Fresno Bee: HECA may become model for clean energy

The Fresno Bee

A new idea for clean energy in Kern County

But some air activists object to projected pollution

By Mark Grossi / The Fresno Bee    Saturday, Sept. 18, 2010       VIEW SOURCE


A $2 billion power plant in Kern County using notoriously dirty coal and petroleum coke conjures images of soot pouring into a brown skyline — an idea seemingly dead on arrival in one of the nation’s worst air basins.

But it may become a model for clean energy instead.

Forget the smoke. Imagine 2,600-degree heat in a sealed chamber vaporizing coal and petroleum coke — hard, black leftovers from refineries — to extract a highly prized fuel: hydrogen.
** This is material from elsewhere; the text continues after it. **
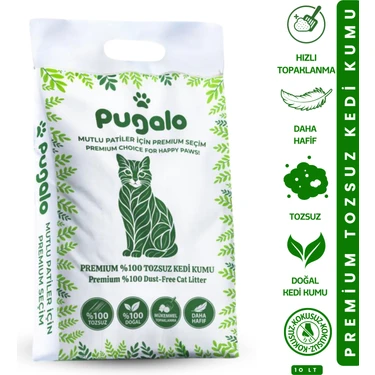 Pugalo Tozsuz Naturel Kedi Kumu Premium Koku Hapseden Topaklanan Çok Katmanlı Kedi Kumu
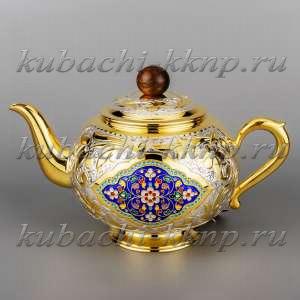 Серебряный чайник с позолотой и эмалью «Финифть» - чн029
Using the dregs of fossil fuel, this proposed project west of Bakersfield would be the state’s first large, hydrogen-fired electricity project. Many experts say there is no similar project of this size anywhere in the nation.

The main stumbling block: It would produce more ozone-making gas than comparable natural gas-fired plants, which would be a deal-breaker for many environmentalists.

But project owner Hydrogen Energy California of Long Beach says the problem would be cleared up in the first two years of operation. The company, a joint venture of global energy giants BP and Rio Tinto, put up nearly $700,000 to help reduce nearby farm and city pollution during that time. It hopes to open the plant in 2015.

The California Energy Commission’s initial report released this year was positive, and the state energy permit is expected to be granted next year. Valley air quality officials think the company can control the ozone-making gas. And Kern County elected officials are impressed with the plans.

Activists are not satisfied with Hydrogen Energy’s plan to reduce the ozone-making gas. Nor do they like the idea of the pollution coming from rail transportation of coal from Utah or trucking of the petroleum coke from Los Angeles or other areas.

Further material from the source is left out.